Dazu bedarf es allerdings des weiteren Einklangs mit den USA. Diese sind mit ihrem permanenten Präventivkrieg und ihrer militärischen Neugestaltung der Region unter dem Namen „Greater Middle East“ am Schlachtfeld stecken geblieben. Zwar versuchen Israel und die Neokonservativen das Projekt des American Empire fortzusetzen, doch es bildeten sich erhebliche Gegenkräfte. An Obama wird nun von allen Richtungen gezogen und gezerrt. Dabei will Israel die Nase vorne haben.

Israel, die USA und seine Verbündeten haben im Nahen Osten einige manifeste Feinde, wobei Staaten und Volksbewegungen oft ineinander übergehen oder verfließen. Da ist auf der einen Seite die Regionalmacht Iran, die auf den Irak, Syrien und den Libanon erheblichen Einfluss ausübt. Da sind auf der anderen Seite die Widerstandsbewegungen Hamas und Hisbollah, sowie die vielgestaltige und fragmentierte irakische Guerilla. Beide Seiten hängen zusammen, wenn auch linear.

Wo versucht Israel nun die Brechstange anzusetzen? Nachdem der Weg nach Teheran derzeit einmal versperrt ist und ein Angriff auf den Libanon eine neuerliche blutige Nase bringen kann, bietet sich als unmittelbares Opfer die Hamas an. Dem palästinensischen Widerstand eine entscheidende Niederlage beizufügen, könnte Bewegung in die anderen Fronten bringen und den Weg zu dem von Israel gewünschten Kriegen ebnen.

Einer Entscheidung näher

Die israelische Aggressionsstrategie führt auch dazu, dass die Entscheidung über die Struktur des Weltsystems beschleunigt wird. Entweder das US-amerikanische Reich kann sich fest etablieren und die über den Globus verstreuten Widerstandsnester ausräuchern, also seinen „Krieg gegen den Terror“ gewinnen. Oder die Überdehnung seines Machtanspruchs führt zu Niederlagen, die letztlich den Weg zu einer multipolaren Welt freigeben. Israel wäre dadurch gezwungen sich etwas zurückzunehmen.

Wir sind davon überzeugt, dass es gute Chancen gibt, dem Zentrum des imperialistisch-kapitalistischen Weltsystems, einen Schlag zu versetzen und das American Empire zu Fall zu bringen. (Das bedeutet noch nicht, die Vorherrschaft der USA zu brechen. Dennoch müsste diese anderen Mächten mehr Platz einräumen.) Damit erhielten Widerstandbewegungen mehr Spielraum und der Kampf um die Emanzipation vom Kapitalismus und Imperialismus käme wieder auf das Tapet.
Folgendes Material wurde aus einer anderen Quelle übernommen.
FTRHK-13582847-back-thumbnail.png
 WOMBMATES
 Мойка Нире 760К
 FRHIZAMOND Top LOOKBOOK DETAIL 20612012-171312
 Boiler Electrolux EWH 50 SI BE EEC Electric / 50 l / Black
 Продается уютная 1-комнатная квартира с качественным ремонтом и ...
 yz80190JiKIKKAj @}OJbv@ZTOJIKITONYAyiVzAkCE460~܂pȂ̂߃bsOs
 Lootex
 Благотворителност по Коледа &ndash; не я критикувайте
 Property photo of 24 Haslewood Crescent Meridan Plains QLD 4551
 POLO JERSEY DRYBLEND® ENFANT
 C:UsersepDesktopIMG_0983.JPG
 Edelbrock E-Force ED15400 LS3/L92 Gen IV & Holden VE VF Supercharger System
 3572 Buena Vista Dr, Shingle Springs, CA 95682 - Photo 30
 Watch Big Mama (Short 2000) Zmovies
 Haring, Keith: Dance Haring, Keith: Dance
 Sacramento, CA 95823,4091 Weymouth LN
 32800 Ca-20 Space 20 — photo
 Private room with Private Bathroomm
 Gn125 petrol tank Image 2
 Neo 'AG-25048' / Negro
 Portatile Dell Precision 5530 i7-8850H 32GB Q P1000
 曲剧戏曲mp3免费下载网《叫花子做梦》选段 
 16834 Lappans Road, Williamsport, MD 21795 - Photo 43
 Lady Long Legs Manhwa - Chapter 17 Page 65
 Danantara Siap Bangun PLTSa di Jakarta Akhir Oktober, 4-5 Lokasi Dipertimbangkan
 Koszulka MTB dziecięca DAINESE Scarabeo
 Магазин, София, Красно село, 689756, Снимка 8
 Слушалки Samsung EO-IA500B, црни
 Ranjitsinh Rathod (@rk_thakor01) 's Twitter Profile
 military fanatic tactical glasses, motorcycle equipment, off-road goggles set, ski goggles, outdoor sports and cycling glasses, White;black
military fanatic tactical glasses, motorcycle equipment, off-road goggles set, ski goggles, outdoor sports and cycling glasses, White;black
Nicht nur deswegen stehen wir fest auf der Seite des palästinensischen Widerstands und der Hamas. Die Solidarität mit den Unterdrückten für das Recht auf Selbstbestimmung und gegen den Kolonialismus ist auch ein elementares demokratisches Prinzip.

(1) Goldmann, Nahum: Das jüdische Paradox. Zionismus und Judentum nach Hitler, Hamburg (EVA) 1978, S. 99.